CHOICE OF SOCIETY, AND FORMATION OF
Character is formed under a great variety of influences. Sometimes a very trifling circumstance gives direction to the whole course of one's life. And every incident that occurs, from day to day, is exerting a silent, gradual influence, in the formation of your character. Among these influences, none are more direct and powerful than that exerted upon us by the companions with whom we associate; for we insensibly fall into their habits. This is especially true in childhood and youth, when the character is plastic, like soft wax—easily impressed.

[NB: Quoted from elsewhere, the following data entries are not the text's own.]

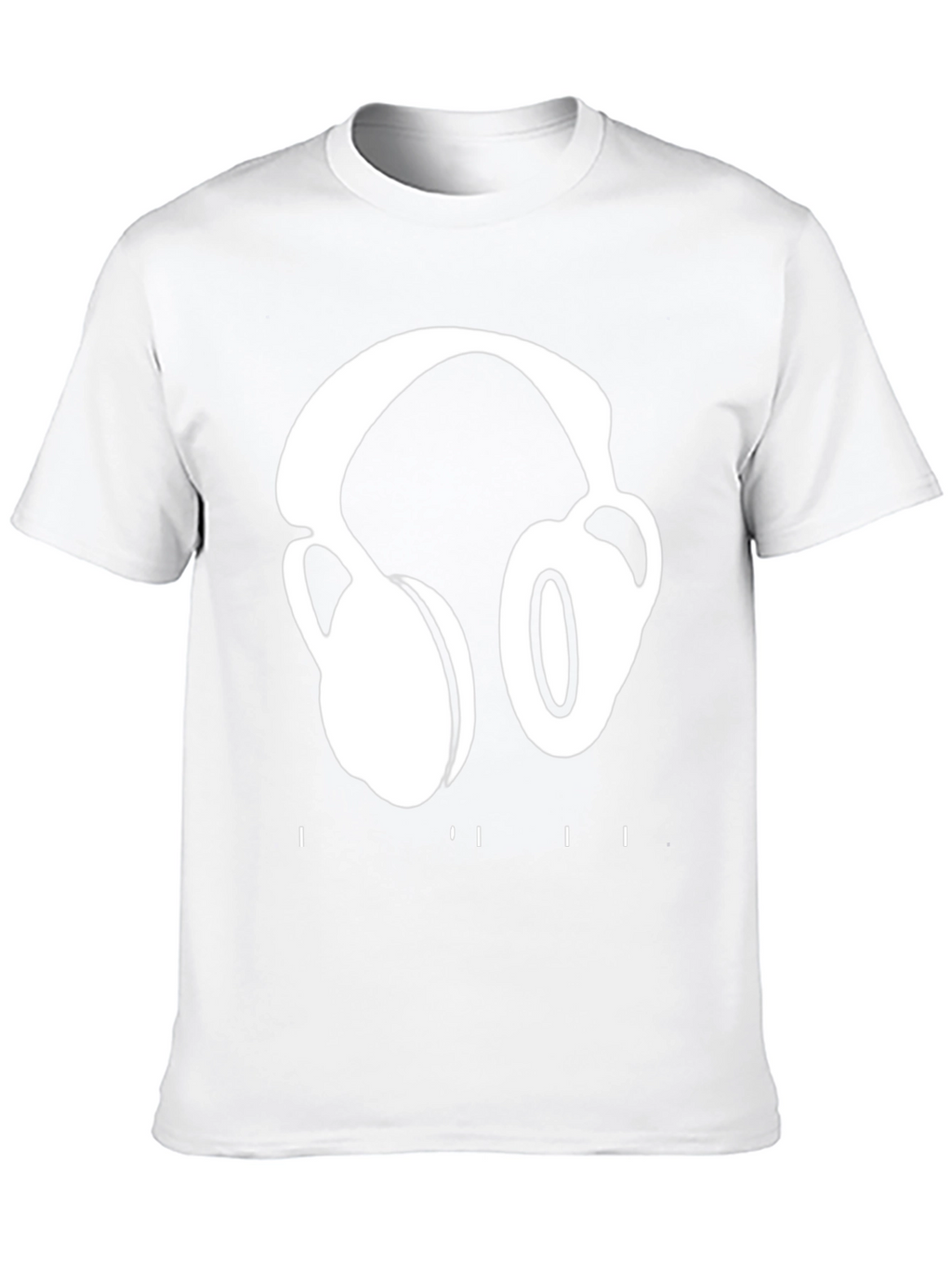 Headphones Graphic T-Shirt - Black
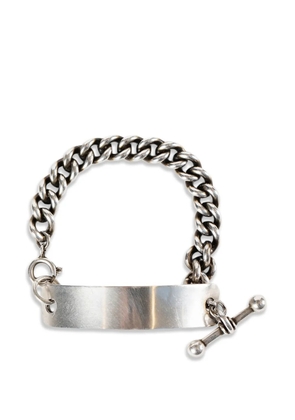 Ann Demeulemeester Doa chain detail bracelet - Silver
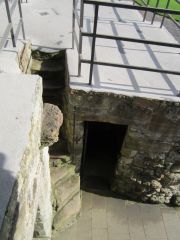 Door leading to the bottle prison room - short in height barely wide enough to go thru..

But we cannot avoid associating, to some extent, with those whose influence is injurious. It is necessary, then, for us to distinguish society into general and particular. General society is that with which we are compelled to associate. Particular society is that which we choose for ourselves. In school, and in all public places, you are under the necessity of associating somewhat with all. But those whom you meet, in such circumstances, you are not compelled to make intimate friends. You may be courteous and polite to all, wherever and whenever you meet them, and yet maintain such a prudent reserve, and cautious deportment, as not to be much exposed to contamination, if they should not prove suitable companions.
But everyone needs intimate friends; and it is necessary that these should be well chosen. A bad friend may prove your ruin. You should therefore be slow and cautious in the formation of intimacies and friendships. Do not be suddenly taken with anyone, and so enter into a hasty friendship; for you may be mistaken, and soon repent of it. There is much force in the old adage, "All is not gold which glitters." A pleasing exterior often conceals a corrupt heart. Before you enter into close intimacies or friendships, study the characters of the people whom you propose to choose for companions. Watch their behavior and conversation; and if you discover any bad habits indulged, or anything that indicates a lack of principle, let them not become your companions. If you discover that they disregard any of the commandments of God, set them down as unsafe associates. They will not only be sure to lead you astray, but you can place no dependence upon their fidelity. If they will break one of God's commands, they will another; and you can put no confidence in them. But even where you discover no such thing, ask the opinion of your parents respecting them before you choose them as your friends. Yet, while you are in suspense about the matter, treat them courteously and kindly. But when you have determined to seek their friendship, do not impose your friendship on them against their will. Remember that they have the same right as yourself to the choice of their friends; and they may see some objection to the formation of a friendship with yourself. Be delicate, therefore, in your advances, and give them an opportunity to come half way. A friendship cautiously and slowly formed will be much more likely to last than one that is formed in haste.
But let the number of your intimate and confidential friends be small. It is better to have a few select, choice, and warm friends, than to have a great number, less carefully chosen, whose attachment is less warm and ardent. But you must not refuse to associate at all with the mass of the society where you belong; especially, if you live in the country. You must meet them kindly and courteously, on all occasions where the society in general in which you move is called together. You must not affect exclusiveness, nor confine yourself to the company of your particular friends, at such times. But be careful that you do not expose yourself to evil influences.
You ought not, at present, to form any intimate friendships with the other gender. Such friendships, at your age, are dangerous; and if not productive of any serious present evils, they will probably be subjects of regret when you come to years of maturity; for attachments may be formed that your judgment will then disapprove.